Convert a pyspark dataframe into a dictionary filtering and collecting values from columns-CodePudding

I need to convert this DataFrame to a dictionary:

ID	value-1	value-2	value-3
1A	Approve	NULL	NULL
2B	Approve	Approve	NULL
3C	NULL	NULL	Approve

output:

{'1A': [value-1], '2B': [value-1,value-2], '3C': [value-3]}

Notice that I am using values of the first column of the DataFrame as keys to the dictionary.

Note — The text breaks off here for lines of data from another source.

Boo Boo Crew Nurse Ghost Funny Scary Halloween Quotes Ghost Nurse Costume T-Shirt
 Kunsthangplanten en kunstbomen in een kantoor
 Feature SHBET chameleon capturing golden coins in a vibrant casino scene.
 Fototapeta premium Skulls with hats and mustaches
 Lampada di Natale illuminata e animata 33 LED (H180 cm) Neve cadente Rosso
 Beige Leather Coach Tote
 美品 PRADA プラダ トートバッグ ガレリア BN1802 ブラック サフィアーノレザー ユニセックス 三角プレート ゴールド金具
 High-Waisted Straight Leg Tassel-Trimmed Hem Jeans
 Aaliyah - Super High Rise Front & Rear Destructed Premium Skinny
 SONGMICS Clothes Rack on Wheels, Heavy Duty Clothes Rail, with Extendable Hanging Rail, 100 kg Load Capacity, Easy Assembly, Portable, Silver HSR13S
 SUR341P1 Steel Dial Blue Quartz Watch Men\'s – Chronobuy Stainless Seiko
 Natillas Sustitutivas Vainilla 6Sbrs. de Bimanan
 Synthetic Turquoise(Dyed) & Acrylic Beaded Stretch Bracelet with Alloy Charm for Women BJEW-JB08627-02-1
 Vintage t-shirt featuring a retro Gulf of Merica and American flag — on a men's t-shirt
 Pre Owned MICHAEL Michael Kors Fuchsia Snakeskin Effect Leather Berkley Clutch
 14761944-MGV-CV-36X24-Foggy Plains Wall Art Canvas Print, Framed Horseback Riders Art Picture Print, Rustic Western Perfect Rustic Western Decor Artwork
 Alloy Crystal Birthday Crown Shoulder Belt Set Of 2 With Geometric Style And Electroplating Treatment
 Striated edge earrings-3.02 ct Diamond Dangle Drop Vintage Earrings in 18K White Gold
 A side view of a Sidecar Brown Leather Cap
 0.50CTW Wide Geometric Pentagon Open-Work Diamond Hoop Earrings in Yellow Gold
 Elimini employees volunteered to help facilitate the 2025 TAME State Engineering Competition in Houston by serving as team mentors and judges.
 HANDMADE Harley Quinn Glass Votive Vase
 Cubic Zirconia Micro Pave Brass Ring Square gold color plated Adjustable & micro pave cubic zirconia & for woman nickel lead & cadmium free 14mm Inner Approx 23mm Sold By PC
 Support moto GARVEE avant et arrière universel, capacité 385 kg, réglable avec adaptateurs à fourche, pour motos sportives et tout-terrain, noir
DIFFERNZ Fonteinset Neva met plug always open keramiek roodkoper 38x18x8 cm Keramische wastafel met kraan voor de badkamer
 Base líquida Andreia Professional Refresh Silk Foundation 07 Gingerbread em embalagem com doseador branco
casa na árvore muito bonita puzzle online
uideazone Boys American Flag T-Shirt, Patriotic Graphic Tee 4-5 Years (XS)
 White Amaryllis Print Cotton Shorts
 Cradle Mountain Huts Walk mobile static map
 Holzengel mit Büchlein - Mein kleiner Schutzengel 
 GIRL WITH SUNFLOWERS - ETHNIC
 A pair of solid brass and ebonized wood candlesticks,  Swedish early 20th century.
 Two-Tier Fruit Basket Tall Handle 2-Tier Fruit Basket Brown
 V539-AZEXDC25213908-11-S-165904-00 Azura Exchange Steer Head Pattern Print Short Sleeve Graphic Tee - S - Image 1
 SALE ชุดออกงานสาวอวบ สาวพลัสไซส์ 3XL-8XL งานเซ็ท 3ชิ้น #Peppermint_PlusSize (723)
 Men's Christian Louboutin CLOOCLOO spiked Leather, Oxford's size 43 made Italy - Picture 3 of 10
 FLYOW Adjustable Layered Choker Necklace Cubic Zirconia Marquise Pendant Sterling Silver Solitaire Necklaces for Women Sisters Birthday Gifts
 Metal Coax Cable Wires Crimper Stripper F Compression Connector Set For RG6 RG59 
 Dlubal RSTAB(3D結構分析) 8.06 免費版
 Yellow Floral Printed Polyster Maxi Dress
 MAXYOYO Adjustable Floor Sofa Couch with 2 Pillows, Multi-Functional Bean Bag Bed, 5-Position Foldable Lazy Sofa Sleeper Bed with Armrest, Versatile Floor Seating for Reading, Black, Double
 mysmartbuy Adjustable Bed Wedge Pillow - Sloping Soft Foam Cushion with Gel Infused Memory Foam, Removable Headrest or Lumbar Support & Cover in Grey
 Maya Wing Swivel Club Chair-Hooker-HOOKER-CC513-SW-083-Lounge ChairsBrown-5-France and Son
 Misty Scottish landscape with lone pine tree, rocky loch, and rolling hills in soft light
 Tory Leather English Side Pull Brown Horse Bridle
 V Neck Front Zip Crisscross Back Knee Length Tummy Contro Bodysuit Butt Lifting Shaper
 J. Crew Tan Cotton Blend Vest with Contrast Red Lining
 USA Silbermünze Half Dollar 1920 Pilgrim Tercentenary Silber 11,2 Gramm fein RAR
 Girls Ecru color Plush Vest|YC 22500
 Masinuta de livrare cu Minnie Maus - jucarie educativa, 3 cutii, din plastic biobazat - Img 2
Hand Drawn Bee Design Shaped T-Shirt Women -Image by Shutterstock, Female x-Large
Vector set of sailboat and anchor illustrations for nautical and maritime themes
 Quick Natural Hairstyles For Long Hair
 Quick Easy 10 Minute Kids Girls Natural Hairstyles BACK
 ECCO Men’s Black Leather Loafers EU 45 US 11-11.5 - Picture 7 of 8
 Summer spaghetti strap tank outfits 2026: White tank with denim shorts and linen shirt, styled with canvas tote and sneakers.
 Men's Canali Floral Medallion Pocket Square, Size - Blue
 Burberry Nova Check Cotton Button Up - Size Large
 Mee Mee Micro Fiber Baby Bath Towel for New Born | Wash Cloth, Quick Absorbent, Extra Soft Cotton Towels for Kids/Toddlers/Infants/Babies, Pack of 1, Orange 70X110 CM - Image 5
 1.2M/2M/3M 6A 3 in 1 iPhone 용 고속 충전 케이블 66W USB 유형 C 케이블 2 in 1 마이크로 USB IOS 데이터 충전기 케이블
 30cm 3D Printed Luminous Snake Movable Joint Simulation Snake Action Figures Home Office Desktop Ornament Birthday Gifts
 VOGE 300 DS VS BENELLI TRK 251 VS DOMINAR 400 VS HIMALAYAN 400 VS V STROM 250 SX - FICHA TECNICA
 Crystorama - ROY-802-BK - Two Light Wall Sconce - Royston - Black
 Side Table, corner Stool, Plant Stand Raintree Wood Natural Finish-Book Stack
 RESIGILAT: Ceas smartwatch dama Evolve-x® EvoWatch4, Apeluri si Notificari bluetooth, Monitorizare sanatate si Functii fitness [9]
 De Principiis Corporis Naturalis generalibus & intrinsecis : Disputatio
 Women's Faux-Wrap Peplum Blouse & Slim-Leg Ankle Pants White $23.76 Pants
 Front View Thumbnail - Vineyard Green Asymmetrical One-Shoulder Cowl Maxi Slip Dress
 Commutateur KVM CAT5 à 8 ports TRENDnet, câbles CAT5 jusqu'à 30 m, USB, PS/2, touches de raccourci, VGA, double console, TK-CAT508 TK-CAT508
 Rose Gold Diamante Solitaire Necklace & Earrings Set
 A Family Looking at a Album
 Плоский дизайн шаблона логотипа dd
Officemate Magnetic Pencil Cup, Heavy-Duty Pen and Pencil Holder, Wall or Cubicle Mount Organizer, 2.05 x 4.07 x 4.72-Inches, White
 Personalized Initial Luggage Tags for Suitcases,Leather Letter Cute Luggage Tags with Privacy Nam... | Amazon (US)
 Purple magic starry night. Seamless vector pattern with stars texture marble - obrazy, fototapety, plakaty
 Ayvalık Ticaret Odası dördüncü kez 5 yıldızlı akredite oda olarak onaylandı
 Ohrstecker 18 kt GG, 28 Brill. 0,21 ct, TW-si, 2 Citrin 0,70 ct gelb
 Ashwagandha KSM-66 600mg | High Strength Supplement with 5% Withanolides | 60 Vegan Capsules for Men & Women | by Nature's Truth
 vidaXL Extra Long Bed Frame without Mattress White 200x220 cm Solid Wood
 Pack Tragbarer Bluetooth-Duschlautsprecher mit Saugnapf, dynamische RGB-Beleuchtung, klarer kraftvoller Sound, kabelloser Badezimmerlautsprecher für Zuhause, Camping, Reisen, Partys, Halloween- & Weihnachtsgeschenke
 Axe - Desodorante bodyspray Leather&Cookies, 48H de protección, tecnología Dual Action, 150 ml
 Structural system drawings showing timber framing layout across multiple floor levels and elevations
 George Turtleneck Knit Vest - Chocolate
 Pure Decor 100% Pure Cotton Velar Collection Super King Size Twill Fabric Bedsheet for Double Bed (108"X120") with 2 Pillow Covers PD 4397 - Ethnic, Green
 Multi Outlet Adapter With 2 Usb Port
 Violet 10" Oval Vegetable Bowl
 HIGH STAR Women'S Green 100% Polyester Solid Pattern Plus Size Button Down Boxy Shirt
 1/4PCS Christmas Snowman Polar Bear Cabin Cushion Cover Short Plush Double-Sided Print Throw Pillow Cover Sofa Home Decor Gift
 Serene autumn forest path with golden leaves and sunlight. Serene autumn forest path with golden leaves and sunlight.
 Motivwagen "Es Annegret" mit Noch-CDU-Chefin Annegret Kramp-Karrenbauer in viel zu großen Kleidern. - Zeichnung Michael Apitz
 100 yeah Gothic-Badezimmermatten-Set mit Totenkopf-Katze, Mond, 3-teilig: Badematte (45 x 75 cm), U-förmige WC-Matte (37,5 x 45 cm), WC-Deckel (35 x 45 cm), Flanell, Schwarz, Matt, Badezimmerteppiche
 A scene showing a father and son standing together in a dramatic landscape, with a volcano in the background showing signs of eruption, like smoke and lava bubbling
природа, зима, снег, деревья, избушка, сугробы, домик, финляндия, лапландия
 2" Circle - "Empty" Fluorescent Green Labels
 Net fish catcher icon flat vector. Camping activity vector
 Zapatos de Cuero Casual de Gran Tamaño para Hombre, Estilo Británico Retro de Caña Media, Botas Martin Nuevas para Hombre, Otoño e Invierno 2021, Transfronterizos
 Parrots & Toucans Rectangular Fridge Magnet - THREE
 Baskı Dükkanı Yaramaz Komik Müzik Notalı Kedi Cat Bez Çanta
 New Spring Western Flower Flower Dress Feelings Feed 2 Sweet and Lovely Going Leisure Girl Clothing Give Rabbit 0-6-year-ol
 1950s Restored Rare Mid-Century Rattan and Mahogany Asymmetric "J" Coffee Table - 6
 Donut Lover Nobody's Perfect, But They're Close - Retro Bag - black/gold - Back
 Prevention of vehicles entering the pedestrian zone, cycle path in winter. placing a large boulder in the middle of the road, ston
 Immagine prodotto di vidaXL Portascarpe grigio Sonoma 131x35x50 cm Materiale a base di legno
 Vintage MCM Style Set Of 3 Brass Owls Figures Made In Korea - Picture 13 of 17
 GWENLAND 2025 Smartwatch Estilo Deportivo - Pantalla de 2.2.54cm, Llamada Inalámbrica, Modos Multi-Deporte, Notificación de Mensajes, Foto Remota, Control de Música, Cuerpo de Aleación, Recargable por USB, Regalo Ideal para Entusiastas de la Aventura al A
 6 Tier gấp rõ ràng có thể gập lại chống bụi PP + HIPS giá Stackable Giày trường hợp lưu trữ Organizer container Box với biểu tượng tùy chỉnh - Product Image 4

CodePudding user response：

You can use something like this, based on array an array_remove:

from pyspark.sql import functions as F

# Set column to be used to get keys of the dict 
# and columns to be used to compute the values of the dict
dict_key = df.columns[0]
entry_cols = df.columns[1:]

{
    r[dict_key]: r.dict_entry
     for r in (
        df
        .select(
            dict_key,
            F.array_remove(
                F.array(*[
                    F.when(F.col(c) == 'Approve', F.lit(c)).otherwise('NULL')
                    for c in entry_cols
                ]),
                'NULL',
            ).alias('dict_entry')
        )
        .collect()
    )
}

This is the result:

{'1A': ['value-1'], '2B': ['value-1', 'value-2'], '3C': ['value-3']}